━━ Records supplied
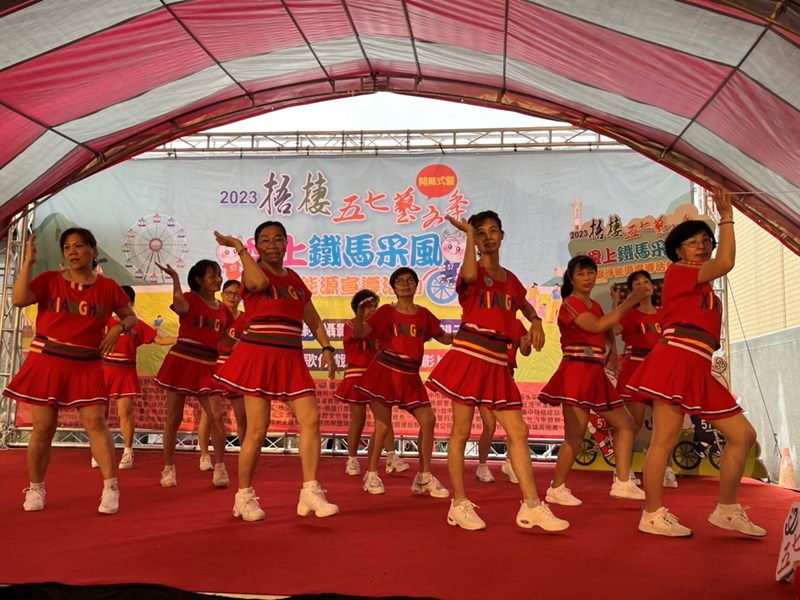 文化社區舞蹈班表演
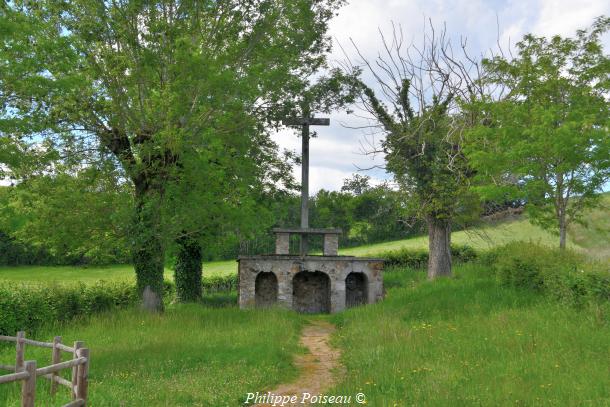 La source sacrée de Chiddes et son monument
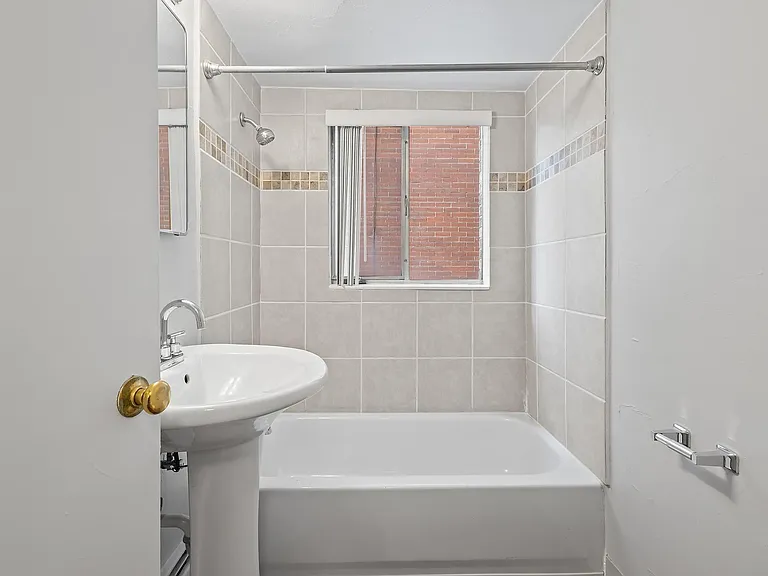Skylark Apartments — Photo 31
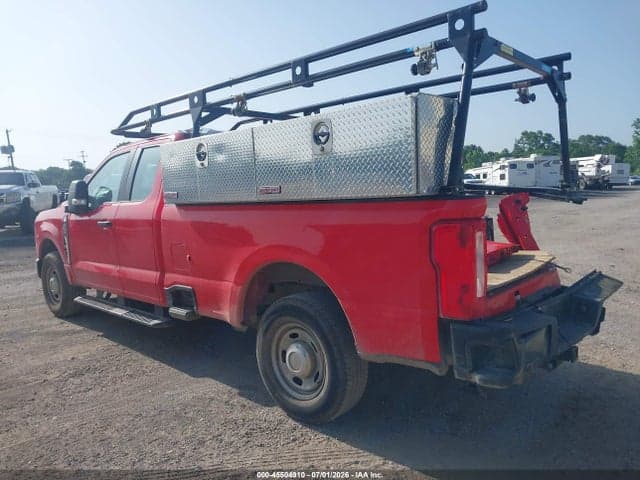 2024 FORD F-250 XL 3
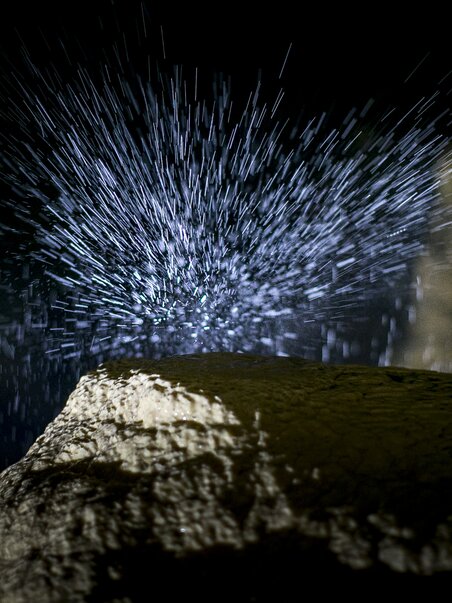 Spraying water in Lurgrotte Semriach over a rock. | © Region Graz - Tom Lamm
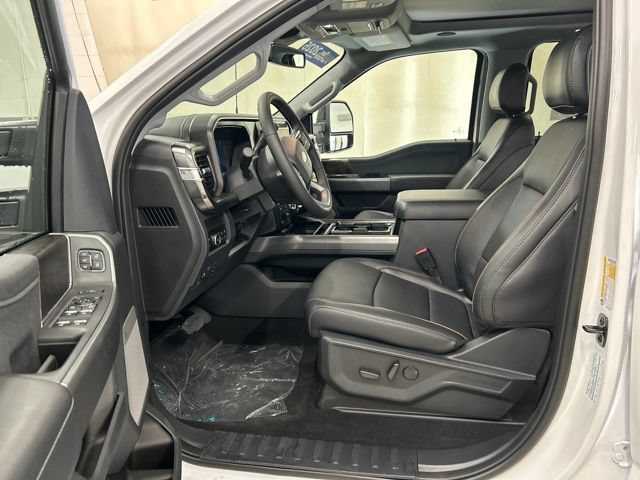 New 2026 Ford F250 Lariat w/ Black Appearance Package AWD/4WD image 9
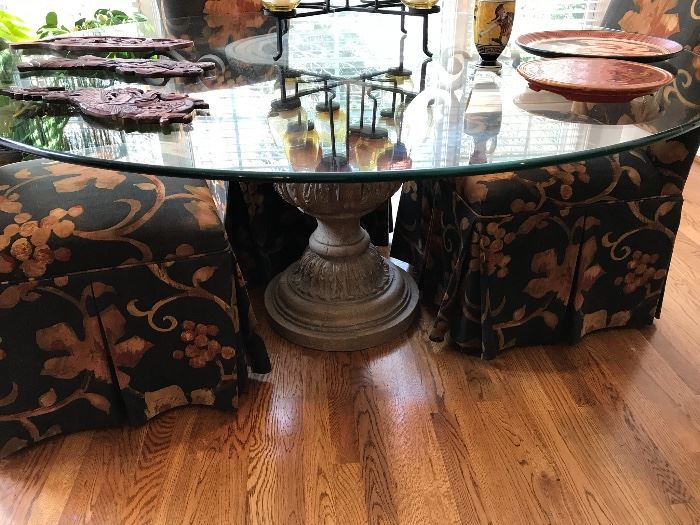 Pedestal round glass top table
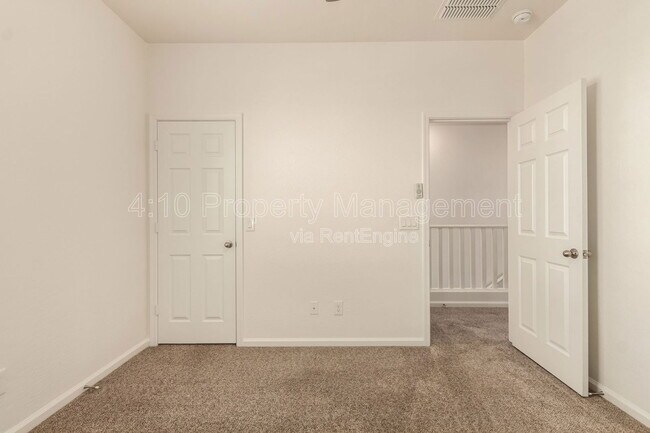 Building Photo - 5216 S 16th Pl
━━━━
Only the lines from the one containing "Pedestal round glass top table" through the final line of the entries belong in the copy, both ends included. Pictures stay out.

 Pedestal round glass top table
 Building Photo - 5216 S 16th Pl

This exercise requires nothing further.